HDU - 2141 二分法

Give you three sequences of numbers A, B, C, then we give you a number X. Now you need to calculate if you can find the three numbers Ai, Bj, Ck, which satisfy the formula Ai+Bj+Ck = X.

Input

There are many cases.
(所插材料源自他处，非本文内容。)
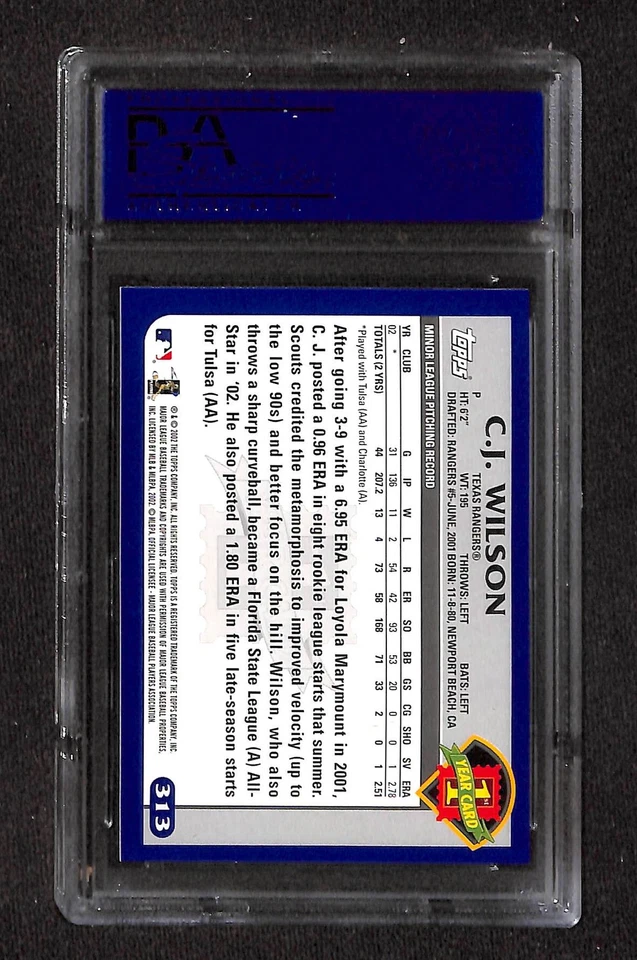 2003 Topps #313 CJ WILSON PSA 10 GEM-MT 06394436 - Image 2 of 3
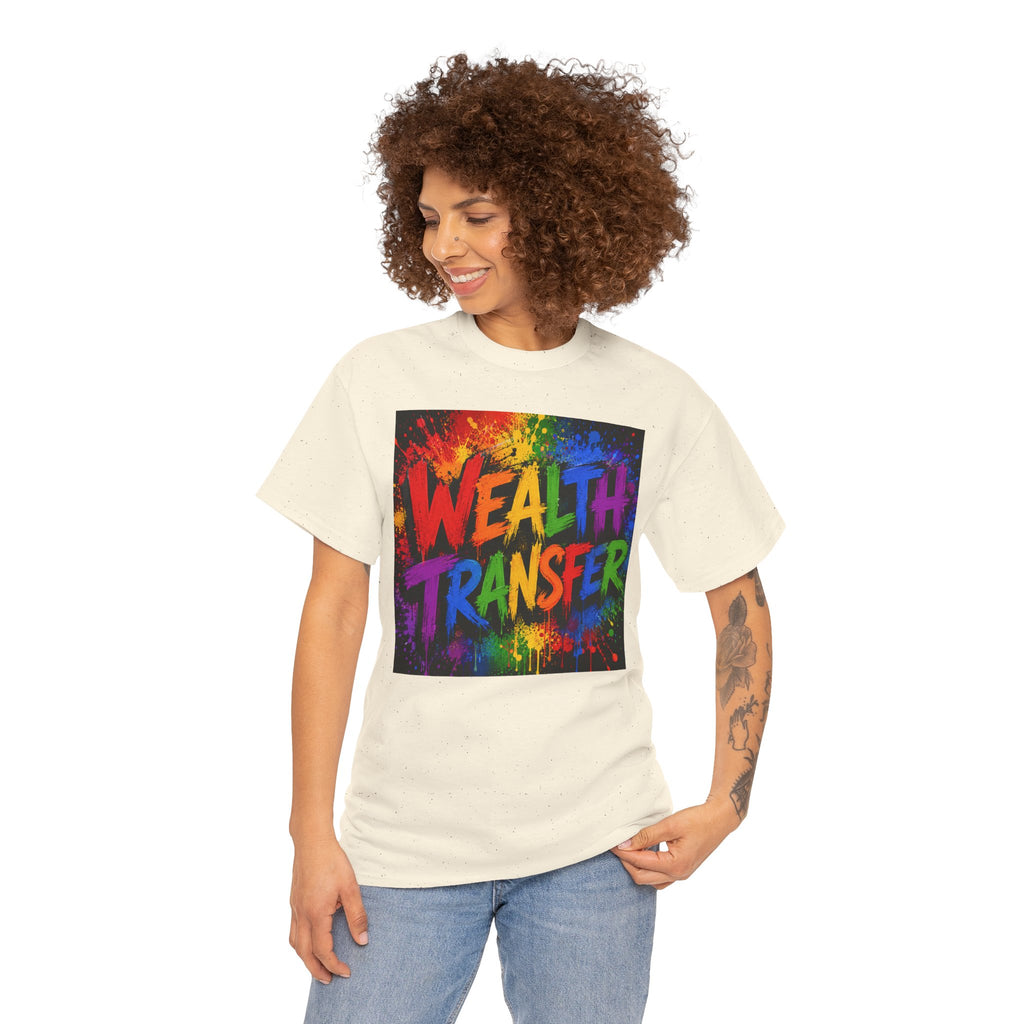 Wealth Transfer T-Shirt — Rainbow Graffiti Design (Back Fist Emblem)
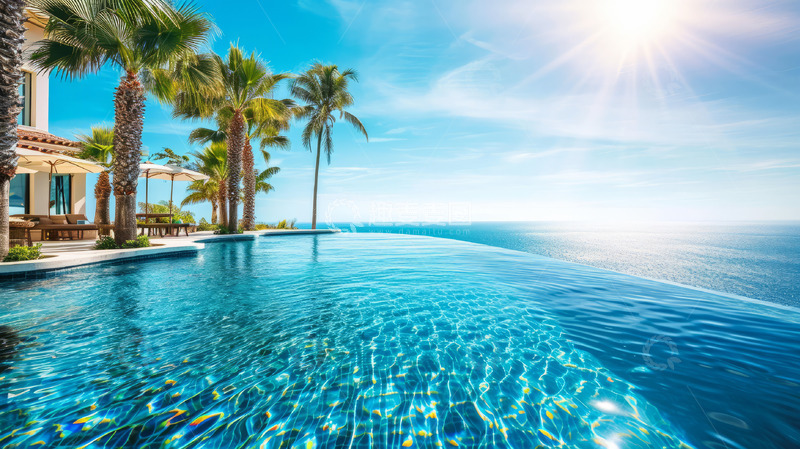 高清大图下载【趣麦麦图】度假村游泳池水面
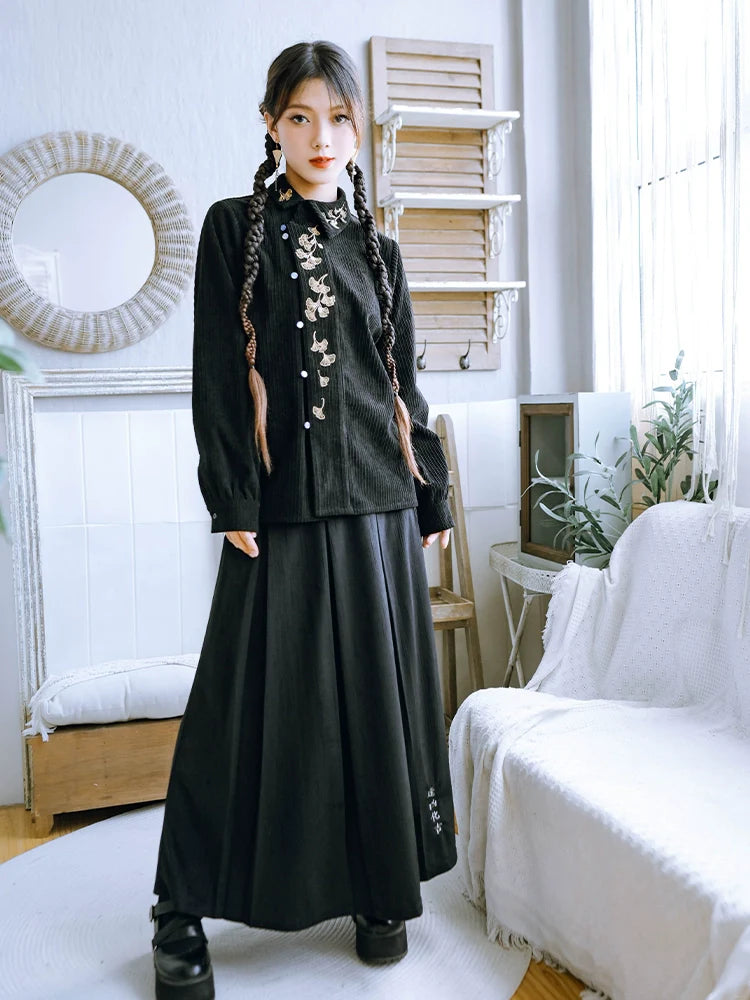 刺繍ベルベットブラックプリーツスカート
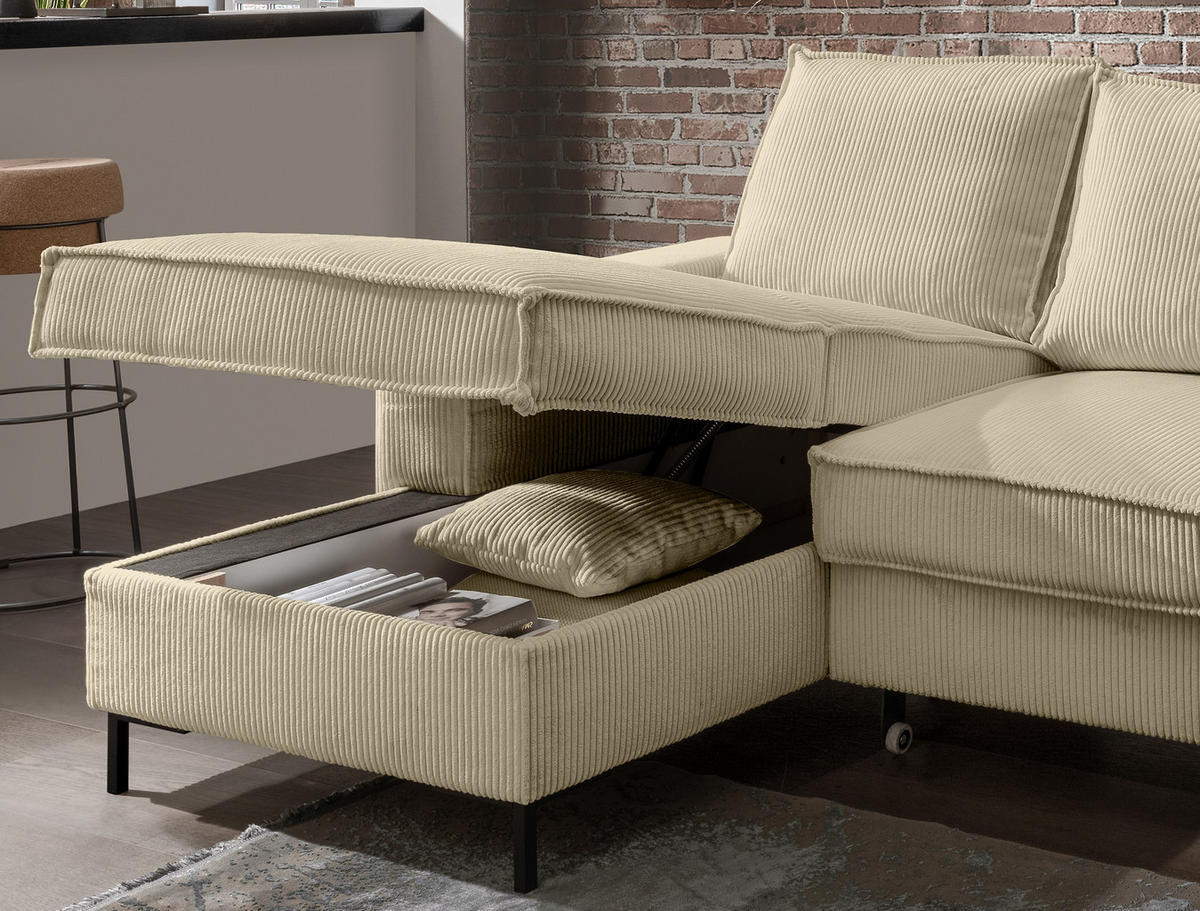 ECKSOFA mit Schlaffunktion, Bettkasten, Wellenunterfederung, Récamiere links B240/T150/H92 cm, Liegefl. 125x198 cm, Cord Beige Grau / 17223 - Greige/Beige, Textil/Metall (240/150cm) - luma-home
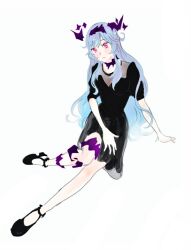 0oihs 1girl alternate_costume bad_id bad_twitter_id black_dress black_shoes blue_hair breasts chaos_aurora_(grimms_notes) closed_mouth dress full_body grimms_notes hairband long_hair purple_hairband red_eyes shoes short_sleeves simple_background sitting solo thorns white_background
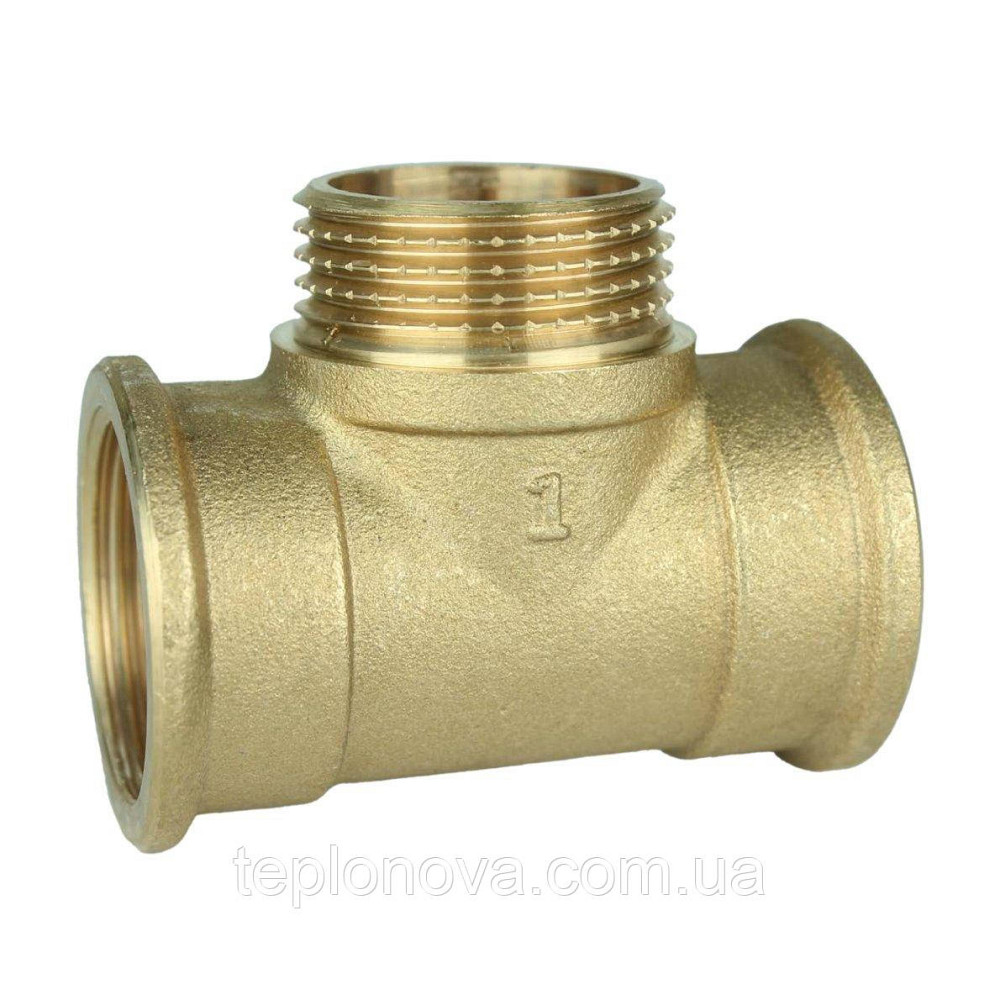 Тройник латунный 1″ВР х 1″НР х 1″ВР штампованный А0273А VA Черновцы - изображение 1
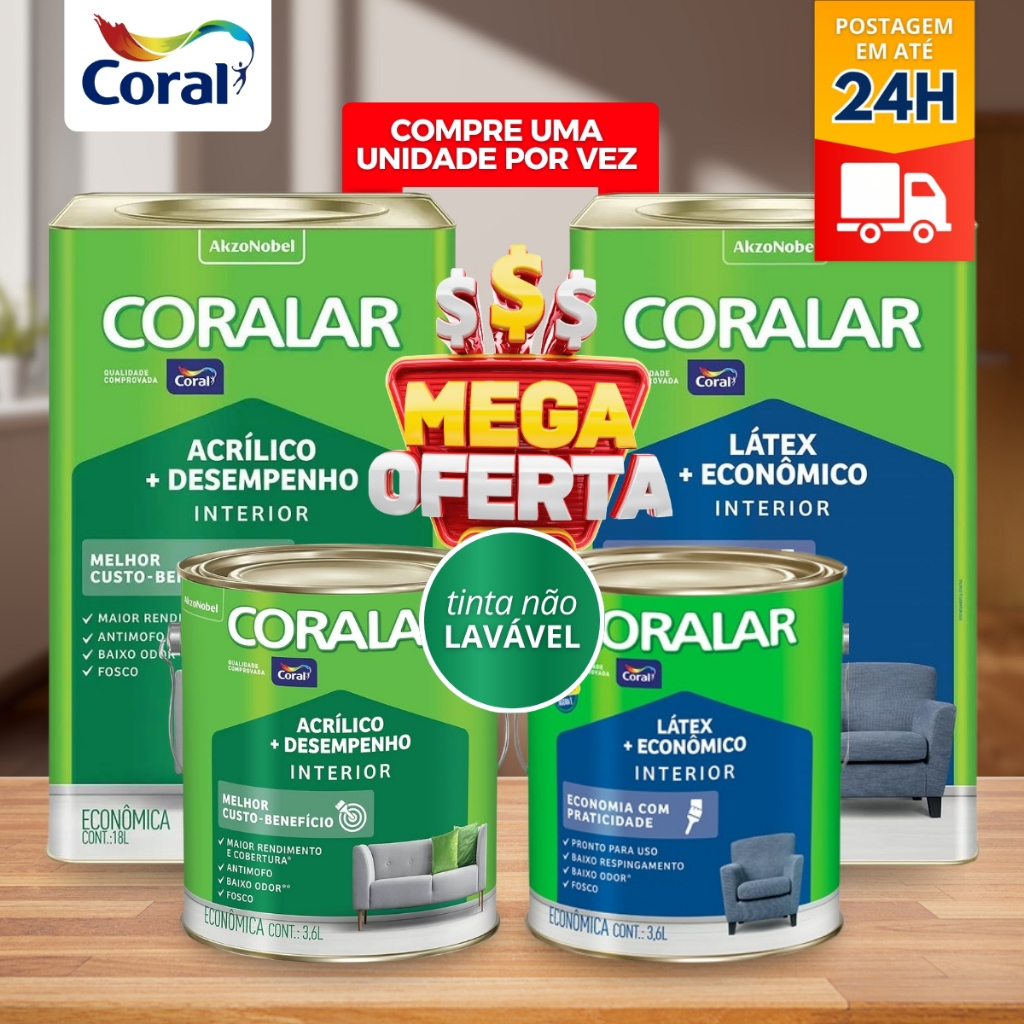 Tinta Parede Branco / Branco Gelo Acrílica 18Lts / 3,6Lts Coralar Coral grande pequena lata galão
Every data case is described as followed: In the first line there are three integers L, N, M, in the second line there are L integers represent the sequence A, in the third line there are N integers represent the sequences B, in the forth line there are M integers represent the sequence C. In the fifth line there is an integer S represents there are S integers X to be calculated. 1<=L, N, M<=500, 1<=S<=1000. all the integers are 32-integers.

Output

For each case, firstly you have to print the case number as the form “Case d:”, then for the S queries, you calculate if the formula can be satisfied or not. If satisfied, you print “YES”, otherwise print “NO”.

Sample Input

3 3 3

1 2 3

1 2 3

1 2 3

3

1

4

10

Sample Output

Case 1:

NO

YES

NO

题意描述：这道题题意很清晰，即给你三个数组A,B,C是否等于给定的数值X

Ai+Bj+Ck=X;

暴力枚举会炸，可以先处理前两个数字的和O(n^2),排序，之后枚举X-Ck,二分找

二分查找

步骤1、设置数组s
来存放n个已排好序的元素；变量low和high表示查找范围在数组中的上界和下界；middle表示查找范围的中间位置，x为特定元素

步骤2、初始化，low=0，即指向s中的第一个元素；high=n-1，即指向s中的最后一个元素

步骤3:、middle=（low+high）/2，即指向查找范围的中间元素

步骤4、判定low<=high是否成立，如果成立，转步骤5，否则，算法结束

步骤5、判断x与s[middle] 的关系，如果等于s[middle],算法结束，如果大于s[middle]，则令low=middle+1;否则令high=middle-1，转步骤3

代码实现

//非递归方式
int dd(int a[],int n,int x){//x表示要查找的元素
int low=0,high=n-1;
int mid;
while(low<=high){
mid=(low+high)/2;
if(a[mid]>x){
high=mid-1;
}
else if(a[mid]<x){
low=mid+1;
}
else return mid;
}
return -1;
}
//递归方式
int dd(int s[],int x,int low,int high){
if(low>high)
return -1;
int mid=(low+high)/2;
if(x==s[mid])
return mid;
else if(x>s[mid])
return dd(s,x,mid+1,high);
else
return dd(s,x,low,mid-1);
}

#include<iostream>
#include<cstdio>
#include<cstdlib>
#include<cstring>
#include<algorithm>

using namespace std;
/****二分法   暴力枚举(三个for)会超时
计算每个数组找一个数之和是否能够等于给定 的数值****/
int l[505],n[505],m[505];
int a[250005];//l与n的组合
int dd(int low,int high,int x){
int mid;
while(low<=high){
mid=(low+high)/2;
if(a[mid]>x){
high=mid-1;
}
else if(a[mid]<x){
low=mid+1;
}
else return 1;
}
return -1;
}
int main(){
int L,N,M;
int len,t;
int S;
int num=0;
int x,k;
while(scanf("%d%d%d",&L,&N,&M)>0){
for(int i=1;i<=L;i++){
scanf("%d",&l[i]);
}
for(int i=1;i<=N;i++){
scanf("%d",&n[i]);
}
for(int i=1;i<=M;i++){
scanf("%d",&m[i]);
}
len=L*N;
t=0;
for(int i=1;i<=L;i++){
for(int j=1;j<=N;j++){
a[++t]=l[i]+n[j];
}
}
//排序
sort(a+1,a+1+len);
scanf("%d",&S);
printf("Case %d:\n",++num);
while(S--){
scanf("%d",&x);
for(int i=1;i<=M;i++)
{
k=dd(1,len,x-m[i]);
if( k==1 ) break;
}
if( k==-1) printf("NO\n");
else printf("YES\n");
}
}
return 0;
}